SOURCE DATA START
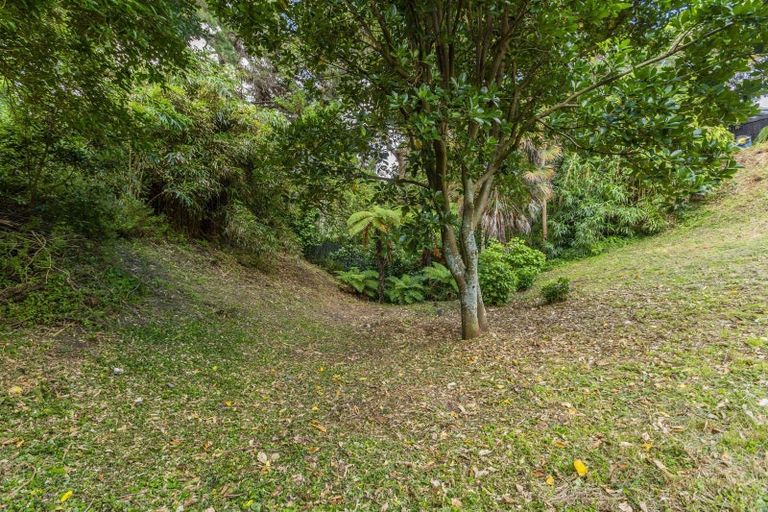 Photo of property in 50 Dale Road, Raumati South, Paraparaumu, 5032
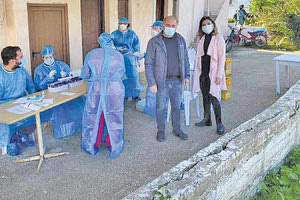 Σε επαναληπτικά τεστ Covid-19 υποβλήθηκαν εργάτες γης στον Μακρύ Γιαλό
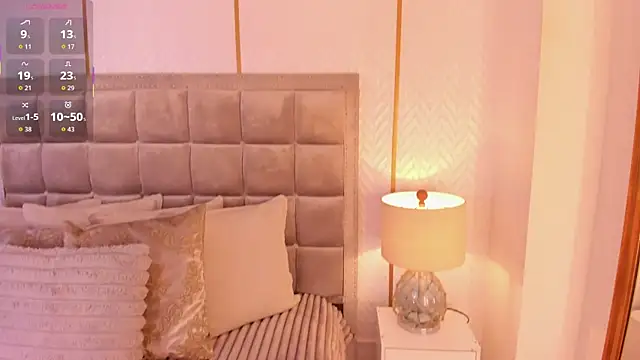 Snapshot of ZaraVesari chatting on February 7, 2026, 7:33 pm ZaraVesari online show from February 7, 2026, 7:33 pm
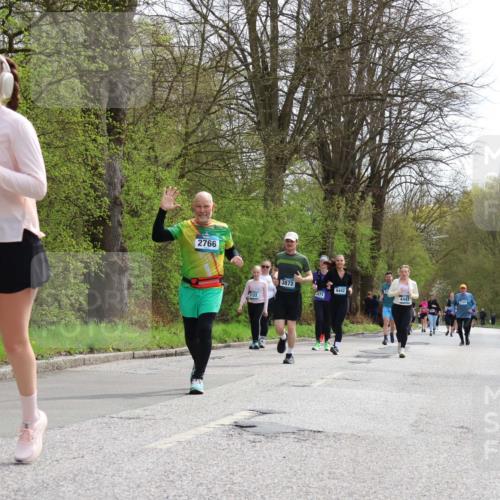 12.04.2026 - 45. Internationalen Wilhelmsburger Insellauf Yannick Fuchs http://msf.ph/oto/9497179 12.04.2026 13:09:03 Laufen 3, 4358, 2766, 3872, 4442, 471, 5122, 4443 meine-sportfotos.de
SOURCE DATA END
**PROBLEM TO SOLVE:** Return the complete material exactly as given, excluding images.

**THE COMPLETED TASK:**
 Photo of property in 50 Dale Road, Raumati South, Paraparaumu, 5032
 Σε επαναληπτικά τεστ Covid-19 υποβλήθηκαν εργάτες γης στον Μακρύ Γιαλό
 Snapshot of ZaraVesari chatting on February 7, 2026, 7:33 pm ZaraVesari online show from February 7, 2026, 7:33 pm
 12.04.2026 - 45. Internationalen Wilhelmsburger Insellauf Yannick Fuchs http://msf.ph/oto/9497179 12.04.2026 13:09:03 Laufen 3, 4358, 2766, 3872, 4442, 471, 5122, 4443 meine-sportfotos.de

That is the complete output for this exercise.